Perro muerde perro

Esta mañana en General Ricardos a la altura del cruce con Iglesia, un perro enorme ha enganchado a otro pequeño y nervioso del cuello y no lo soltaba. Los aullidos del perropatada histérico se escuchaban por toda la calle y un par de señoras que salían de la frutería – una con dos bolsas, otra con un carrito de cuadros – se han quedado mirando escandalizadas. Los dueños no eran capaces de separar a los animales y los gritos del perrillo se volvían cada vez más agudos y desesperados, parecían los de un bebé. Perros y dueños tenían los ojos llenos de lágrimas y el corazón, de furia e impotencia.
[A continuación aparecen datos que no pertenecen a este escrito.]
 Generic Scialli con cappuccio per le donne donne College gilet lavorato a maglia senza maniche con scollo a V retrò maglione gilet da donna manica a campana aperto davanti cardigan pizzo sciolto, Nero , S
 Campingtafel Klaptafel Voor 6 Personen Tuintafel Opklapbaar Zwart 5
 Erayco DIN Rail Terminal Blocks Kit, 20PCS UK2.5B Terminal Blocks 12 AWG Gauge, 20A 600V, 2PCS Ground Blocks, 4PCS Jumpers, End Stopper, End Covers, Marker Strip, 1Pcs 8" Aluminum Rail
Un señor que estaba sentado en la terraza del bar tomando una caña con un palillo encajado entre dos dientes y criticando a los políticos por no formar gobierno después de varios meses ha interrumpido su discurso en mitad de una palabrota y se ha acercado para intentar separarles. El perro gigante no abría la boca y la señora de las bolsas de plástico se han unido al llanto de los dueños. El señor cliente, ante la mirada de su camarero habitual y otros parroquianos del bar “Los Chamizos”, sin dejar el palillo un solo instante, ha intentado meter los dedos por la comisura de los labios del bicho, que apretaba los colmillos con tanta fuerza que no podía pasar ni el aire.

A nadie se le ha ocurrido sacar un cubo de agua y echárselo por encima a los perros. Parece que solo a mí, que estaba mirando desde la acera de enfrente y escribiendo esta crónica sin hacer nada al respecto porque soy un profesional de la observación y el frío análisis.